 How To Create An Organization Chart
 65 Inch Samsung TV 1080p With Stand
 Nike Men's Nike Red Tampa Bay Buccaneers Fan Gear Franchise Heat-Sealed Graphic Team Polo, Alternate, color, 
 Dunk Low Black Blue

□ □ □ □

__WHAT YOU WILL DO__
All of the material is to be written out exactly.

__EXERCISE RESULT__
 How To Create An Organization Chart
 65 Inch Samsung TV 1080p With Stand
 Nike Men's Nike Red Tampa Bay Buccaneers Fan Gear Franchise Heat-Sealed Graphic Team Polo, Alternate, color, 
 Dunk Low Black Blue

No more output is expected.